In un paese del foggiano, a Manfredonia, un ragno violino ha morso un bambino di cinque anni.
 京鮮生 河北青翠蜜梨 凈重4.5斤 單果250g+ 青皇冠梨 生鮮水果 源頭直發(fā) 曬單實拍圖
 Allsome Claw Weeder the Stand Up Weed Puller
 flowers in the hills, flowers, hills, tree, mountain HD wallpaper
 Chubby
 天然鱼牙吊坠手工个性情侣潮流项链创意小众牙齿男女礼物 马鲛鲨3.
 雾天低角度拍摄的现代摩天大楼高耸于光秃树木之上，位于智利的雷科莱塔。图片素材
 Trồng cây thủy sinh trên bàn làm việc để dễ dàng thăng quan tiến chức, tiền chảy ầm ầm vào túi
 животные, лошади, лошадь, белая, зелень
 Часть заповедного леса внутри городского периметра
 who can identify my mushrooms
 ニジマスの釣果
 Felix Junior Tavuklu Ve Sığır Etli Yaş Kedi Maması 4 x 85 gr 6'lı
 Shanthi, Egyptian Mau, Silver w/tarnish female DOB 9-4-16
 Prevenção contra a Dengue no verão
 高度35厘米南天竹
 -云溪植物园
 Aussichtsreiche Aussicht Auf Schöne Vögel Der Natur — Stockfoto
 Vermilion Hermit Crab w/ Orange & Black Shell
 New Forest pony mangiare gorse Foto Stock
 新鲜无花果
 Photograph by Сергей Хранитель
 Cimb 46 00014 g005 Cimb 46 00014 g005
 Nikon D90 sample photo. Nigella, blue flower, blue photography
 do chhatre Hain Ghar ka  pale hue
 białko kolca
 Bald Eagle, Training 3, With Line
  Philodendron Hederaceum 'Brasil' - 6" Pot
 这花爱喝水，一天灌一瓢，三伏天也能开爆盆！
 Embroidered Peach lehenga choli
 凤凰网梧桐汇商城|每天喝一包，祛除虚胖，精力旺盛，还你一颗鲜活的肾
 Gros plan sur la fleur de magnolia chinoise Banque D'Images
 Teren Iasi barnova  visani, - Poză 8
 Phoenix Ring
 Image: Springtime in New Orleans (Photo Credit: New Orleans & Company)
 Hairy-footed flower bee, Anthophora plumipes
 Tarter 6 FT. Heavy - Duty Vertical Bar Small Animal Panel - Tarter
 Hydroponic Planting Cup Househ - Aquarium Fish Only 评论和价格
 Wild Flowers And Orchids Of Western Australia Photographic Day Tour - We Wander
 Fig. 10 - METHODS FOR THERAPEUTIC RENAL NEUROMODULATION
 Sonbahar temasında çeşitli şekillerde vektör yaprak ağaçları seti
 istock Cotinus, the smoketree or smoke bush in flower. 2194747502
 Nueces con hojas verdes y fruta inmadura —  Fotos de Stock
========================================
-- YOUR GOAL --
An exact copy of the data is needed.

-- RESULT FOR THIS EXERCISE --
In un paese del foggiano, a Manfredonia, un ragno violino ha morso un bambino di cinque anni.
 京鮮生 河北青翠蜜梨 凈重4.5斤 單果250g+ 青皇冠梨 生鮮水果 源頭直發(fā) 曬單實拍圖
 Allsome Claw Weeder the Stand Up Weed Puller
 flowers in the hills, flowers, hills, tree, mountain HD wallpaper
 Chubby
 天然鱼牙吊坠手工个性情侣潮流项链创意小众牙齿男女礼物 马鲛鲨3.
 雾天低角度拍摄的现代摩天大楼高耸于光秃树木之上，位于智利的雷科莱塔。图片素材
 Trồng cây thủy sinh trên bàn làm việc để dễ dàng thăng quan tiến chức, tiền chảy ầm ầm vào túi
 животные, лошади, лошадь, белая, зелень
 Часть заповедного леса внутри городского периметра
 who can identify my mushrooms
 ニジマスの釣果
 Felix Junior Tavuklu Ve Sığır Etli Yaş Kedi Maması 4 x 85 gr 6'lı
 Shanthi, Egyptian Mau, Silver w/tarnish female DOB 9-4-16
 Prevenção contra a Dengue no verão
 高度35厘米南天竹
 -云溪植物园
 Aussichtsreiche Aussicht Auf Schöne Vögel Der Natur — Stockfoto
 Vermilion Hermit Crab w/ Orange & Black Shell
 New Forest pony mangiare gorse Foto Stock
 新鲜无花果
 Photograph by Сергей Хранитель
 Cimb 46 00014 g005 Cimb 46 00014 g005
 Nikon D90 sample photo. Nigella, blue flower, blue photography
 do chhatre Hain Ghar ka  pale hue
 białko kolca
 Bald Eagle, Training 3, With Line
  Philodendron Hederaceum 'Brasil' - 6" Pot
 这花爱喝水，一天灌一瓢，三伏天也能开爆盆！
 Embroidered Peach lehenga choli
 凤凰网梧桐汇商城|每天喝一包，祛除虚胖，精力旺盛，还你一颗鲜活的肾
 Gros plan sur la fleur de magnolia chinoise Banque D'Images
 Teren Iasi barnova  visani, - Poză 8
 Phoenix Ring
 Image: Springtime in New Orleans (Photo Credit: New Orleans & Company)
 Hairy-footed flower bee, Anthophora plumipes
 Tarter 6 FT. Heavy - Duty Vertical Bar Small Animal Panel - Tarter
 Hydroponic Planting Cup Househ - Aquarium Fish Only 评论和价格
 Wild Flowers And Orchids Of Western Australia Photographic Day Tour - We Wander
 Fig. 10 - METHODS FOR THERAPEUTIC RENAL NEUROMODULATION
 Sonbahar temasında çeşitli şekillerde vektör yaprak ağaçları seti
 istock Cotinus, the smoketree or smoke bush in flower. 2194747502
 Nueces con hojas verdes y fruta inmadura —  Fotos de Stock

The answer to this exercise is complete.